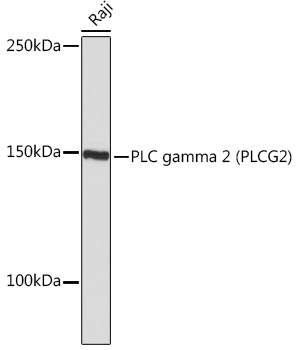 PLC gamma 2 (PLCG2) Rabbit mAb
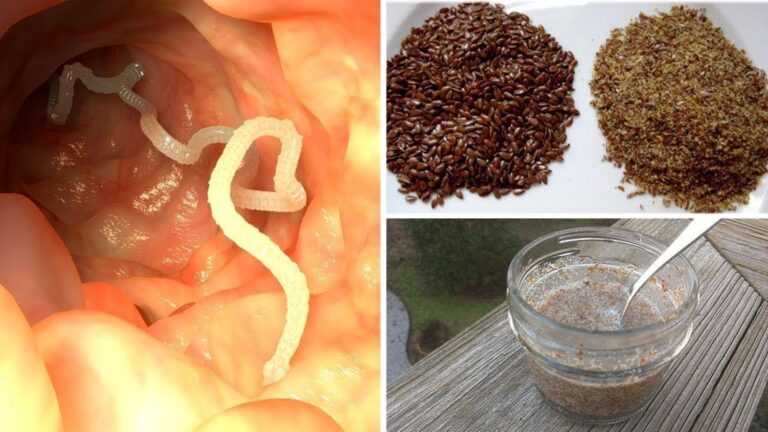 5 naturalnych sposobów na pozbycie się Darmparasiten raz na zawsze!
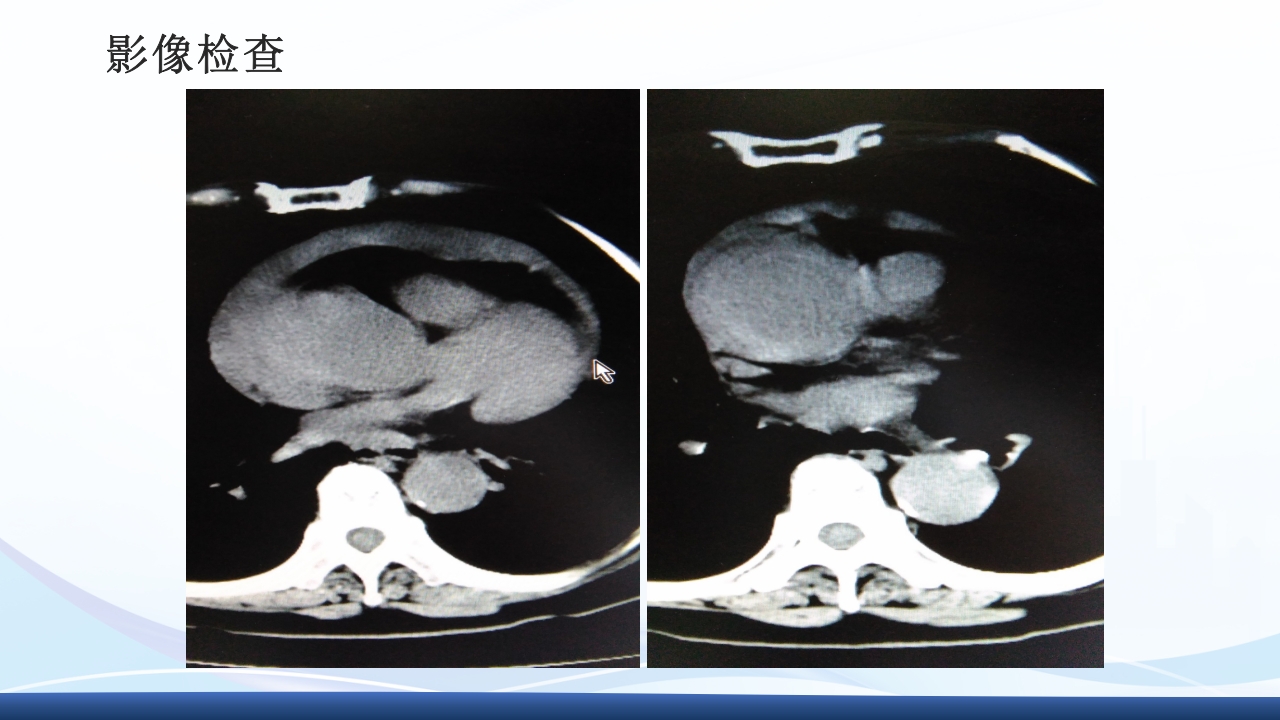 主动脉夹层护理查房PPT课件下载34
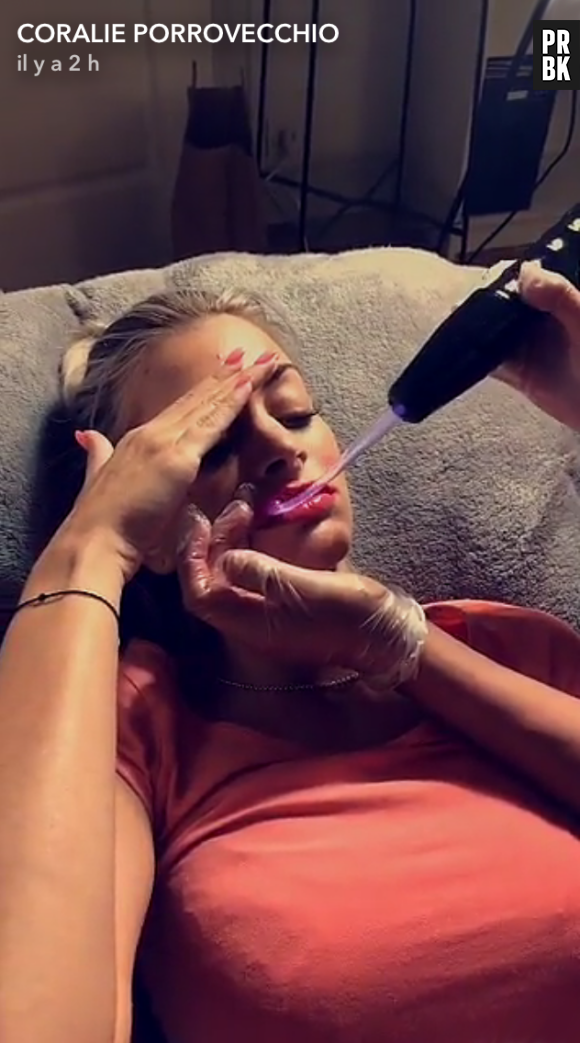 Mélanie Da Cruz dévoile ses nouvelles lèvres pulpeuses sur Snapchat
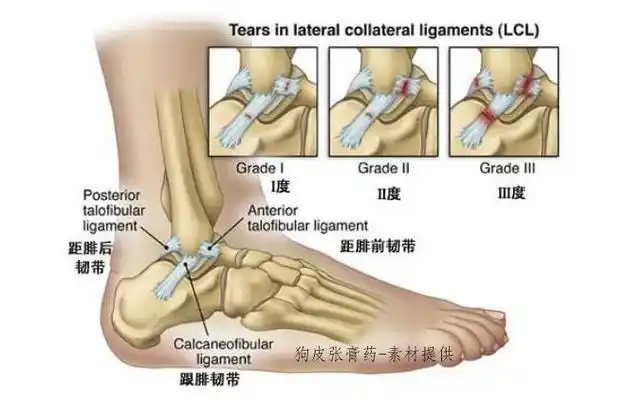 踝关节韧带损伤能用狗皮张膏药吗-产品问答-膏药铺|膏药招商加盟|狗皮
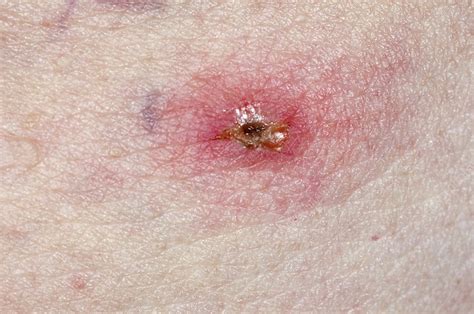 Infected tick bite - Stock Image - C016/7236 - Science Photo Library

════════════════════

## Exercise details
Line by line, write out the records above exactly, skipping the pictures.

## Solved problem
 PLC gamma 2 (PLCG2) Rabbit mAb
 5 naturalnych sposobów na pozbycie się Darmparasiten raz na zawsze!
 主动脉夹层护理查房PPT课件下载34
 Mélanie Da Cruz dévoile ses nouvelles lèvres pulpeuses sur Snapchat
 踝关节韧带损伤能用狗皮张膏药吗-产品问答-膏药铺|膏药招商加盟|狗皮
 Infected tick bite - Stock Image - C016/7236 - Science Photo Library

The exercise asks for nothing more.